At this stage, you still have only raw images, but they are neatly organized and ready to be annotated.

The core of the tutorial is the automatic annotation step.
Here you define an ontology with the classes you care about, such as “horse race”, “horse”, and related variants, and pass it into Autodistill with Grounding DINO as the base model.
The code runs through all of the extracted images, detects the relevant objects, and saves YOLO-style label files next to the images in a train/valid folder structure.
This is where the big time savings come from: you get a labeled dataset without drawing boxes by hand, while still controlling thresholds and label names to keep the annotations meaningful.

After the dataset is created, the tutorial moves on to training and evaluation.
A data.yaml file describes the dataset paths and class names, and YOLOv8 is initialized from a YAML model definition.
The training script handles epochs, batch size, checkpoints, and validation, writing model weights into a dedicated checkpoints folder.
Finally, a testing script loads the best model and runs it on a held-out horse-race video, reading frames with OpenCV, running inference, and drawing bounding boxes and class names on each frame so you can watch the detector working in real time.

Taken together, the code in this tutorial teaches you how to build a practical automatic image annotation workflow around Autodistill and YOLOv8.
You learn how to prepare data from videos, auto-label it with a modern vision-language model, visualize and verify the annotations, and then train and deploy a custom object detector.
The target is not just to understand each individual command, but to see how all the pieces connect into a reusable pipeline that you can adapt to your own projects beyond horse-race detection.

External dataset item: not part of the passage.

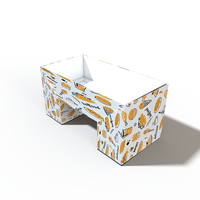 Nouvelle boîte d'emballage alimentaire en carton ondulé kraft brun 2026 avec poignée, personnalisable avec dorure à chaud, pour pique-nique et plats à emporter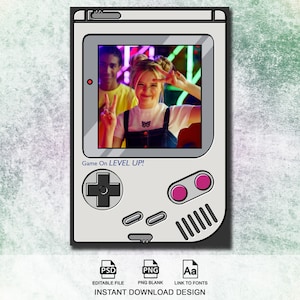 Arcade Party Photo Booth Template, Game Boy Video Game Party Photo Booth Template, 4x6, Game Night Photo Booth Overlay, Retro Themed Party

Link for the video tutorial : https://youtu.be/ujEDpRmaOaU

Link for the code here : https://eranfeit.lemonsqueezy.com/buy/e9168c31-06c1-4a8c-b544-ee2ad07173dc or here : https://ko-fi.com/s/553a125fa6

Link for the post for Medium users : https://medium.com/@feitgemel/automatic-image-annotation-with-autodistill-and-yolov8-86822349c735

You can follow my blog here : https://eranfeit.net/blog/

Want to get started with Computer Vision or take your skills to the next level ?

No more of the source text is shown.